Just last week, hundreds of students had to stay home after an outbreak at Northwest Middle School. There were 19 separate cases spread across all three grade levels with no obvious connection.

The solution was for 600 students to go back to virtual learning while more contact tracing was done and to allow for a mobile health unit to do more testing.

WMAR-2 News talked with a senior at Francis Scott Key High School, where students there have siblings at Northwest Middle. Ashley Witcher said she wants more options to stay safe and to still excel if she has to quarantine.

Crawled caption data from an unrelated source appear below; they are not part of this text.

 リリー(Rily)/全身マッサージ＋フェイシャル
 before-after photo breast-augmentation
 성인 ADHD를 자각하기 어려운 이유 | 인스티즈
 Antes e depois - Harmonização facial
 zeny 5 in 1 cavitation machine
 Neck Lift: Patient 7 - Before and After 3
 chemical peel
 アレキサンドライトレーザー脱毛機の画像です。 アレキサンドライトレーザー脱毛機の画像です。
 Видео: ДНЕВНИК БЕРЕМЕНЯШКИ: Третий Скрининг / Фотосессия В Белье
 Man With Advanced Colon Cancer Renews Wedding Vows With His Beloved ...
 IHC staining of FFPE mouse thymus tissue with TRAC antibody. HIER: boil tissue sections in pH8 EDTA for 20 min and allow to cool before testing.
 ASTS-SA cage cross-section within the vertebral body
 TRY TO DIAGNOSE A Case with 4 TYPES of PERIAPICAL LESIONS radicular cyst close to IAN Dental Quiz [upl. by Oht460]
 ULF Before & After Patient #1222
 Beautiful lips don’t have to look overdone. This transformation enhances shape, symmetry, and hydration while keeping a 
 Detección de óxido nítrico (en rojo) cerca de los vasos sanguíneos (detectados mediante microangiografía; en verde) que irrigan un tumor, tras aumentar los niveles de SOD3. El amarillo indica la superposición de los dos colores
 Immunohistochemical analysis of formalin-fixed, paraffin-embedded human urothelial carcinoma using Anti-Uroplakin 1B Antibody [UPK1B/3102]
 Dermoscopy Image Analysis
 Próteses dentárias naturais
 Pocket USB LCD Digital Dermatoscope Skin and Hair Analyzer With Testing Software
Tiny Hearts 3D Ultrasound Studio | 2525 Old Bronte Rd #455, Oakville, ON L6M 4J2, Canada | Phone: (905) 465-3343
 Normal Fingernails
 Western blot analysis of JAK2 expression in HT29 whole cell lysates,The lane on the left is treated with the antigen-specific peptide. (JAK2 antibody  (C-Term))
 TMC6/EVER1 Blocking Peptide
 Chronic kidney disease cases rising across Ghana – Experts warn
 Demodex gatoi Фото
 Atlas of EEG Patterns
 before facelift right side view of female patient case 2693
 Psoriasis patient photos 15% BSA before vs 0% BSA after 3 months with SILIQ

She said, "we should have at least had a backup method, a plan, because for the kids who have to quarantine they’re just handed papers and they’re given their laptops to go on schoology.”

How to improve the quarantine process will be discussed in Wednesday's meeting. The meeting is happening at 5:00 p.m. at the Board of Education offices, located at 125 North Court Street in Westminster.

There will be no in-person public comment at this meeting, but you can leave a public comment here before 4:00 p.m. There will also be a livestream of the meeting here.

The Carroll County Health Officer, Ed Singer, stressed with the highly contagious delta variant and schools being reopened this fall, there's just a higher risk for outbreaks.

He said, "we’ve got a lot more kids in the school building and rightfully so. The emphasis is getting kids back in in-person learning, but there’s a lot more opportunity for kids to be in close contact with each other and for students to transmit it from one person to another."